| Directions for this task |
Below are some records; output exactly the lines from the line with "If we want to" to the line with "Los Angeles Portal.", both ends kept, and nothing more.

| Study material |
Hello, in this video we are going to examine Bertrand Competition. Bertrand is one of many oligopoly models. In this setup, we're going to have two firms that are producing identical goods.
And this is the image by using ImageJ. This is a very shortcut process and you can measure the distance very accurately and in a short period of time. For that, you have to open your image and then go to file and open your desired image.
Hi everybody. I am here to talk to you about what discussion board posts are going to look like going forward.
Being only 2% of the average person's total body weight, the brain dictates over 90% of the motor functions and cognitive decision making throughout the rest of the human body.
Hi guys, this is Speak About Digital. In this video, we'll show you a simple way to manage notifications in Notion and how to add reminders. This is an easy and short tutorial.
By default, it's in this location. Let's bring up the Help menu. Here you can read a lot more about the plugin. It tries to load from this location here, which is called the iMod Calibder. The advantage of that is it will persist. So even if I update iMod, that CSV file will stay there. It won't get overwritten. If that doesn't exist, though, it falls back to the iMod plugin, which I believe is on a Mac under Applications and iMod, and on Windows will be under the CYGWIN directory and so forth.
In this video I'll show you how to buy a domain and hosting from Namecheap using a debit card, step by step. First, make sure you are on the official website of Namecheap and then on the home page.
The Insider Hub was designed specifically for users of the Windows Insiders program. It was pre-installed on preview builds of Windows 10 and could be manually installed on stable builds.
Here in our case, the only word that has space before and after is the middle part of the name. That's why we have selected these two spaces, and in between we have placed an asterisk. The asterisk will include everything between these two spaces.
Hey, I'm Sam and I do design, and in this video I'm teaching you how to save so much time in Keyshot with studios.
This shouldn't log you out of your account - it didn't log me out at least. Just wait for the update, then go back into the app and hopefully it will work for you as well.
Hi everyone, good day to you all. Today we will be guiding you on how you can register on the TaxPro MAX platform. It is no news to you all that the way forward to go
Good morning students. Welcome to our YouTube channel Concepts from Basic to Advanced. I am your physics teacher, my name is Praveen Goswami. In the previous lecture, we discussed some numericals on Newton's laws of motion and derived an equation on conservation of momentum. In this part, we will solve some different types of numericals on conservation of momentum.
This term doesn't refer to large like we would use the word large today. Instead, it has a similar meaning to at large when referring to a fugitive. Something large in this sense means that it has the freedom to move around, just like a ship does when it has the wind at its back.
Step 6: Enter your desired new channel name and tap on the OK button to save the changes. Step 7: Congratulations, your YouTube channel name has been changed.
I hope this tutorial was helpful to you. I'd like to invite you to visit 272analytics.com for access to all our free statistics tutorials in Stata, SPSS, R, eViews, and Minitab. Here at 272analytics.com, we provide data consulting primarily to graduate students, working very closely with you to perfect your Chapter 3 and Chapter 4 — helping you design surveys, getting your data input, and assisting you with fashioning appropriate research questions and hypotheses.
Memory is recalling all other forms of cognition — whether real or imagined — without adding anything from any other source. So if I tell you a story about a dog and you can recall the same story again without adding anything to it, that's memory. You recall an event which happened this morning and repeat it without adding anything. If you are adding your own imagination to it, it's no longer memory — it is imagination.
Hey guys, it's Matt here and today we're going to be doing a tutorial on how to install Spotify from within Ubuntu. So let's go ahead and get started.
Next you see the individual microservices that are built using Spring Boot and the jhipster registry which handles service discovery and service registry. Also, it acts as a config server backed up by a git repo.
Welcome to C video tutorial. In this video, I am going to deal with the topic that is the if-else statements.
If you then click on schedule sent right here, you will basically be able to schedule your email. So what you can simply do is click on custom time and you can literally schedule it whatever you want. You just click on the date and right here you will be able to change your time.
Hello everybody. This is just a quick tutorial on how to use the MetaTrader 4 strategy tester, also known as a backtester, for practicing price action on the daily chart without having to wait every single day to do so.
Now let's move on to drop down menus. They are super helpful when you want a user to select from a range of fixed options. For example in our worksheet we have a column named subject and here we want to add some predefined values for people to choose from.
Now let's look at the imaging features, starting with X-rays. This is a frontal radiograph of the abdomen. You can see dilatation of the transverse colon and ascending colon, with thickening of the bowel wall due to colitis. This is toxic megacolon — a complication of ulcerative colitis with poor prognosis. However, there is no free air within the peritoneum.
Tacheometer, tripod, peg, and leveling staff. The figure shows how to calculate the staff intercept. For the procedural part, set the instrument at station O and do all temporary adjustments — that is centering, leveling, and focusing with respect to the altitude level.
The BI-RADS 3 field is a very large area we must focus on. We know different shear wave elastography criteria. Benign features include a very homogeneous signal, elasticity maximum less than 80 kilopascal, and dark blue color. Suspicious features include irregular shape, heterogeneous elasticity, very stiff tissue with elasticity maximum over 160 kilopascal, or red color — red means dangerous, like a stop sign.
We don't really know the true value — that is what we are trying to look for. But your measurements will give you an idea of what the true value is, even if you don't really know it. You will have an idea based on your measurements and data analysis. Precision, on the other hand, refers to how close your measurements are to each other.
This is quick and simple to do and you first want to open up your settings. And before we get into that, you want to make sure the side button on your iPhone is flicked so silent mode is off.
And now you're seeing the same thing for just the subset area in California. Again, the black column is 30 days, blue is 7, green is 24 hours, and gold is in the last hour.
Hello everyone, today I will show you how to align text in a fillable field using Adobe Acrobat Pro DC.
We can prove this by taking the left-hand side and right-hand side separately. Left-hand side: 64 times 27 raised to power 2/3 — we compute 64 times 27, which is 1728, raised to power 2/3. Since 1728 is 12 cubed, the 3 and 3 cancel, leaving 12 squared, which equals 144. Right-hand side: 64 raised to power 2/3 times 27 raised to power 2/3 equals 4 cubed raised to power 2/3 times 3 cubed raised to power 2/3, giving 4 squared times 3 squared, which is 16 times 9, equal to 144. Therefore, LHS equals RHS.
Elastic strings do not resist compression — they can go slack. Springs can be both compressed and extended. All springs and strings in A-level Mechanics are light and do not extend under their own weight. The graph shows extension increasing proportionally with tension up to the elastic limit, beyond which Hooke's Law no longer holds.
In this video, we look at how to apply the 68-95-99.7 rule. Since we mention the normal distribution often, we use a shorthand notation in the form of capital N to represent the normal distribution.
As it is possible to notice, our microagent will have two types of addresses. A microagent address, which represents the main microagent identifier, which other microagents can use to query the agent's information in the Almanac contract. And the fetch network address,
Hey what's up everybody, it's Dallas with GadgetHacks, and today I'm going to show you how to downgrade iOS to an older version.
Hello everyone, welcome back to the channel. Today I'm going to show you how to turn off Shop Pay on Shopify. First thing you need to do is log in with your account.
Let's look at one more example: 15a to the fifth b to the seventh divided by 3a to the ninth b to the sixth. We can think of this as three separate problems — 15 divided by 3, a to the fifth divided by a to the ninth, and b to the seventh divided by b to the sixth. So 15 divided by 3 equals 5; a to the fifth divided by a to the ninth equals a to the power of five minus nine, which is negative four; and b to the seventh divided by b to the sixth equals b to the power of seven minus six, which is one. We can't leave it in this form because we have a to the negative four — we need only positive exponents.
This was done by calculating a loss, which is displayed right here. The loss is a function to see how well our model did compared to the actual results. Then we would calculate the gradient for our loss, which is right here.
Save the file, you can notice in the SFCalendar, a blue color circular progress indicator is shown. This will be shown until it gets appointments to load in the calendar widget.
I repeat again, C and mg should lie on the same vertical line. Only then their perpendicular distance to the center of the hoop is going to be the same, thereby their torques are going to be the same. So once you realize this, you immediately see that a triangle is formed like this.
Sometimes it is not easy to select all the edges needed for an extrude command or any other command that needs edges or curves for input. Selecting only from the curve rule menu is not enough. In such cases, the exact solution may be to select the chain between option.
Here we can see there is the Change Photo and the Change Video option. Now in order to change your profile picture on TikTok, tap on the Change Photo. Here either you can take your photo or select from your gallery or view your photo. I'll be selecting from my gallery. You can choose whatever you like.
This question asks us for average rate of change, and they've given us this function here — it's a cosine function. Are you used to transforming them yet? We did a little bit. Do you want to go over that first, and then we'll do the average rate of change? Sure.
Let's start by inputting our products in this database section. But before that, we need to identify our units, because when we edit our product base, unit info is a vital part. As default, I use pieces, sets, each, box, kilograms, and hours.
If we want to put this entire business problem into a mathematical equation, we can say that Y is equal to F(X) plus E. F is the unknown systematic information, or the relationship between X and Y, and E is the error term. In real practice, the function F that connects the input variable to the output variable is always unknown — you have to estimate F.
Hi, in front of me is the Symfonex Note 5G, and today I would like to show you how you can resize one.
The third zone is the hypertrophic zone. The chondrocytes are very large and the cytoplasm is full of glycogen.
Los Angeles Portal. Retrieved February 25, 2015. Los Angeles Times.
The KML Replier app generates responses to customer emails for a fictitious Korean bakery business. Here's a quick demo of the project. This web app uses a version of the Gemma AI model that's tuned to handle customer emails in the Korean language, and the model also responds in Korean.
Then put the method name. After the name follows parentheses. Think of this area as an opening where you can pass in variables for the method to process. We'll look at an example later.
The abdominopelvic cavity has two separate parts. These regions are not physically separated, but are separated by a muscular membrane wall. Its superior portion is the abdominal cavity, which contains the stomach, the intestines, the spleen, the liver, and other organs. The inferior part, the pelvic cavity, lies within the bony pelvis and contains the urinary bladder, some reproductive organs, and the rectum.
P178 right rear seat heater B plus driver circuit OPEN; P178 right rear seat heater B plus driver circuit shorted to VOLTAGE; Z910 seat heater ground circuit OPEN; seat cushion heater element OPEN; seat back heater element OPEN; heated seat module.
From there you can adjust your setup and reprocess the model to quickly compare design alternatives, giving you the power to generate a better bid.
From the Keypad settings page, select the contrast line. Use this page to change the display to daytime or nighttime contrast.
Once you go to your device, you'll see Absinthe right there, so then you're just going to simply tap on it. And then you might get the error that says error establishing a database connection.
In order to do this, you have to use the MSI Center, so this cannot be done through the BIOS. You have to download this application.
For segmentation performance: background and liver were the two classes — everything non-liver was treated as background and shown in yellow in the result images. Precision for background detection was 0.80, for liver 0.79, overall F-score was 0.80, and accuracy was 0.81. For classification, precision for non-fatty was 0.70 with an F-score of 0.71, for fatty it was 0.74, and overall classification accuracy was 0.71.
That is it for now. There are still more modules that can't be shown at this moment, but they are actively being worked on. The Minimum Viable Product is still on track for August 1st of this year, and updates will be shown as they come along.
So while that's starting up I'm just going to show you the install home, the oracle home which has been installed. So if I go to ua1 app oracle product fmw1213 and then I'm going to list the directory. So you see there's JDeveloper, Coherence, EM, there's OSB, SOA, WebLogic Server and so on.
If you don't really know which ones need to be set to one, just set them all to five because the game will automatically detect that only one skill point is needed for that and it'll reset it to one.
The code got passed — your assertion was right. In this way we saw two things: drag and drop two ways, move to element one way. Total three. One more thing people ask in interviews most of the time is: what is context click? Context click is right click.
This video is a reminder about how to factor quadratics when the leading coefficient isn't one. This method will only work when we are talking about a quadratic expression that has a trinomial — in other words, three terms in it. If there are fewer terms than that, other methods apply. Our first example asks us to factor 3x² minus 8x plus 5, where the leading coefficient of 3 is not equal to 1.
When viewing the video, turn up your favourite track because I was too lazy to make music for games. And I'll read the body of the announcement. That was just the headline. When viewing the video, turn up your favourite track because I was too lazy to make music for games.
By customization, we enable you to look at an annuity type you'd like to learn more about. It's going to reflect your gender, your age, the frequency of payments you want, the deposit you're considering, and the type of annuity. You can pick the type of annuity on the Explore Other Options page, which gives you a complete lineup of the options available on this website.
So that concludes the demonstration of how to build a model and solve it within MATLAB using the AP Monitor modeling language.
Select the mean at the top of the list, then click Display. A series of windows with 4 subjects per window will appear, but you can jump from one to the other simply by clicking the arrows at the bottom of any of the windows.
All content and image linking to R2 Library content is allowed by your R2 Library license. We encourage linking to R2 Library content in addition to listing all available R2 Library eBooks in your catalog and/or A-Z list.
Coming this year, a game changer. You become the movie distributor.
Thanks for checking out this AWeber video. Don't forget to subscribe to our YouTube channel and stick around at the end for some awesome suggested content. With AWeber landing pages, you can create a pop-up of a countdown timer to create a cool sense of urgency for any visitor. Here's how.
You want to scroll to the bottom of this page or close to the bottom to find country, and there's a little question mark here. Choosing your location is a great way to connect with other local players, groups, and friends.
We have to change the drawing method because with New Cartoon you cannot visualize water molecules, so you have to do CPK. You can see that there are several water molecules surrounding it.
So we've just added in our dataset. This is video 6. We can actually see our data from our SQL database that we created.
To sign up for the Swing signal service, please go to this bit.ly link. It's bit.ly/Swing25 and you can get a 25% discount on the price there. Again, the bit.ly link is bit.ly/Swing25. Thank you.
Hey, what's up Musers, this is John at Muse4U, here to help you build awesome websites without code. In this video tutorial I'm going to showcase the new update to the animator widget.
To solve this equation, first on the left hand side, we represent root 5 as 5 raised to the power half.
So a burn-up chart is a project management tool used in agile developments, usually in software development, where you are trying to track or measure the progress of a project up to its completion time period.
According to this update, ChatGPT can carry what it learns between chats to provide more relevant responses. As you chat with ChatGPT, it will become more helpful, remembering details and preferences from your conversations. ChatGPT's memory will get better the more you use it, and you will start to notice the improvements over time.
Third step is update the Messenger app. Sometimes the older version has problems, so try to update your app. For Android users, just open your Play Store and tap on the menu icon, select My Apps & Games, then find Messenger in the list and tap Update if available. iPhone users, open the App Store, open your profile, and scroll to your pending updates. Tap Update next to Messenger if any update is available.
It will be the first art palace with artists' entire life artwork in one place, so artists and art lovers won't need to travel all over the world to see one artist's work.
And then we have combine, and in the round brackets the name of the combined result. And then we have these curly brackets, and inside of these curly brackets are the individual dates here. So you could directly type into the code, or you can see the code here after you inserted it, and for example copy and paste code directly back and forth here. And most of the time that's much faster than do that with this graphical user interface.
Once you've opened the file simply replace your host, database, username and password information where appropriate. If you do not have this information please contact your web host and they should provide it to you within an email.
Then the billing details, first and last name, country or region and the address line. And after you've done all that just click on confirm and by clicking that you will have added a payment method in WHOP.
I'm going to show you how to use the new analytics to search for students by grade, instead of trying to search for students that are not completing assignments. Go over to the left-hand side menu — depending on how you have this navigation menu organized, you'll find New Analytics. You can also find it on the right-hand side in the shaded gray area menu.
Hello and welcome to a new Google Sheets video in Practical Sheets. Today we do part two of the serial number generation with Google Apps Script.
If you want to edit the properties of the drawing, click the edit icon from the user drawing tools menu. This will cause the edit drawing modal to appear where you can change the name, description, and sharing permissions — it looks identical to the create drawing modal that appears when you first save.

| Task output |
If we want to put this entire business problem into a mathematical equation, we can say that Y is equal to F(X) plus E. F is the unknown systematic information, or the relationship between X and Y, and E is the error term. In real practice, the function F that connects the input variable to the output variable is always unknown — you have to estimate F.
Hi, in front of me is the Symfonex Note 5G, and today I would like to show you how you can resize one.
The third zone is the hypertrophic zone. The chondrocytes are very large and the cytoplasm is full of glycogen.
Los Angeles Portal. Retrieved February 25, 2015. Los Angeles Times.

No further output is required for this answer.